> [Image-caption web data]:
◇ ◇ ◇ ◇ ◇ ◇ ◇
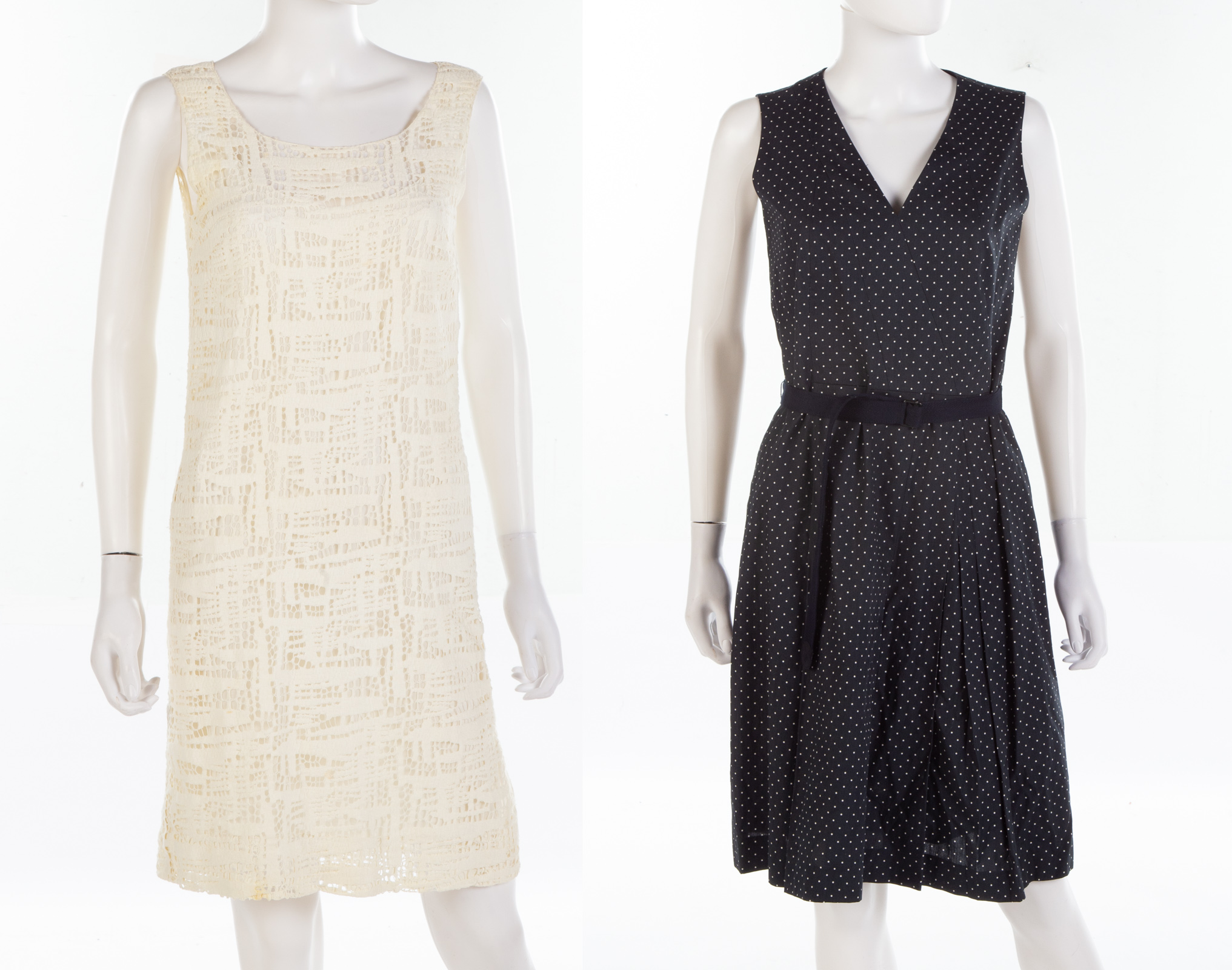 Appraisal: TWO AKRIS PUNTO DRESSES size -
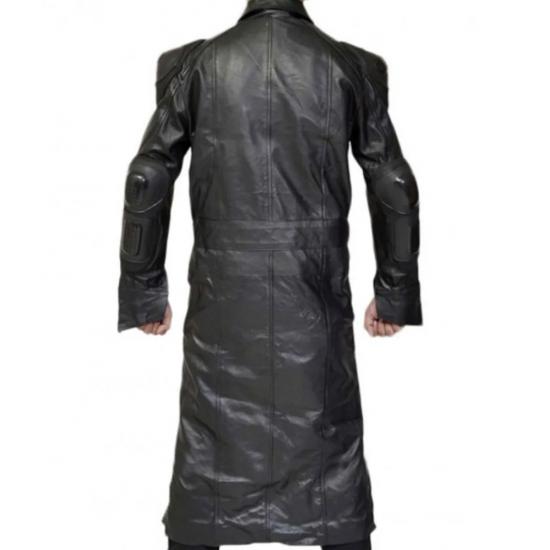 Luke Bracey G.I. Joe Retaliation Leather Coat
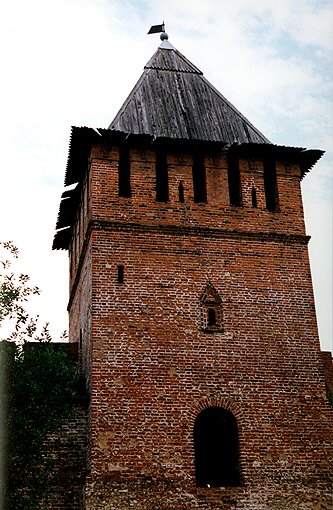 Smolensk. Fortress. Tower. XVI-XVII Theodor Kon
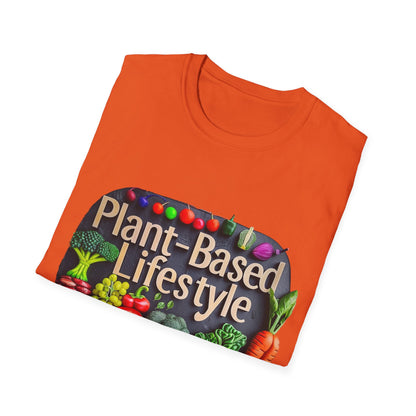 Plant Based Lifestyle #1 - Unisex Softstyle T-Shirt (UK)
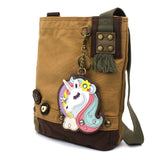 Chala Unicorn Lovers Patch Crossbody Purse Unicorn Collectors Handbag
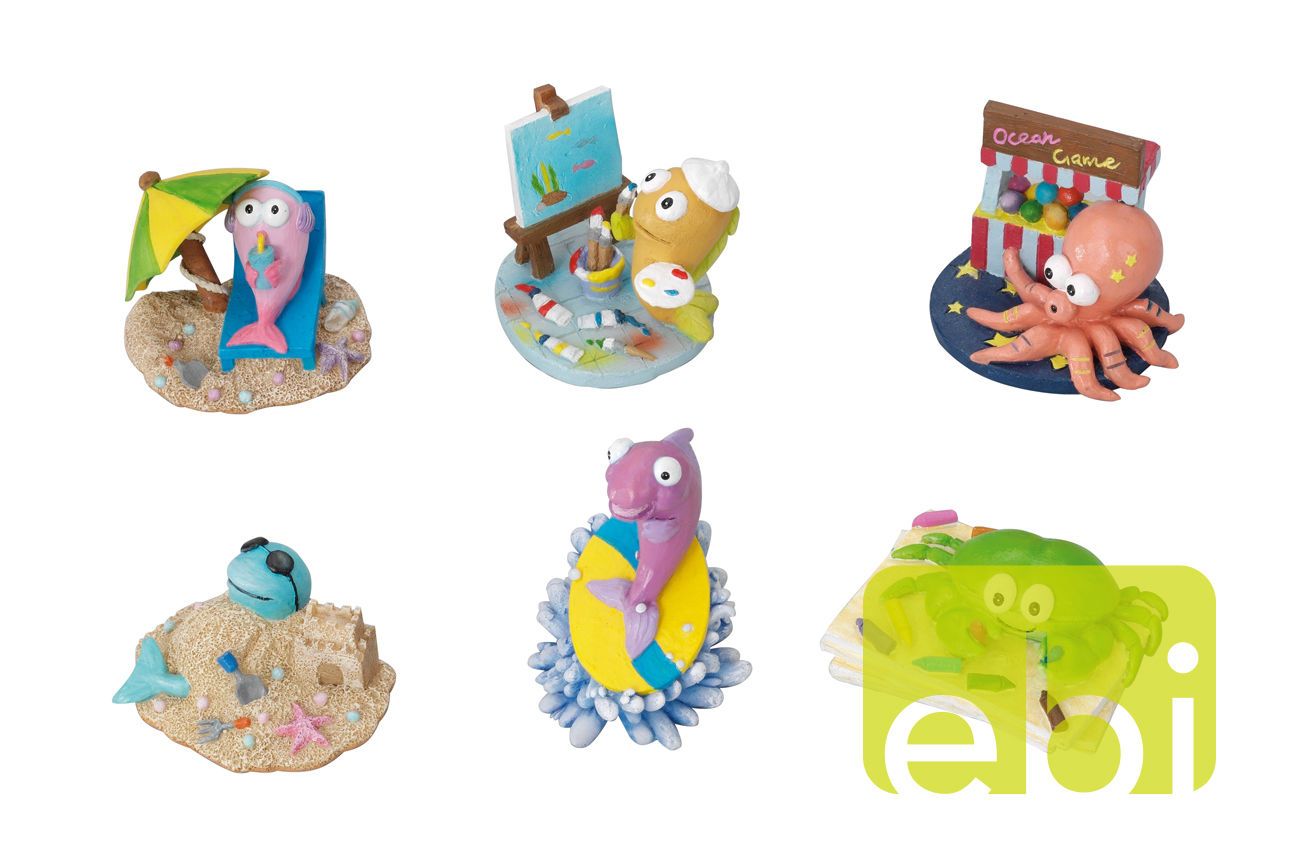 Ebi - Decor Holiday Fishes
◇ ◇ ◇ ◇ ◇ ◇ ◇
> [Task to complete]: Give an exact copy of the line containing "Chala Unicorn Lovers" and every line after it through the end of the entries. Pictures are to be dropped.

> [Output of the task]:
 Chala Unicorn Lovers Patch Crossbody Purse Unicorn Collectors Handbag
 Ebi - Decor Holiday Fishes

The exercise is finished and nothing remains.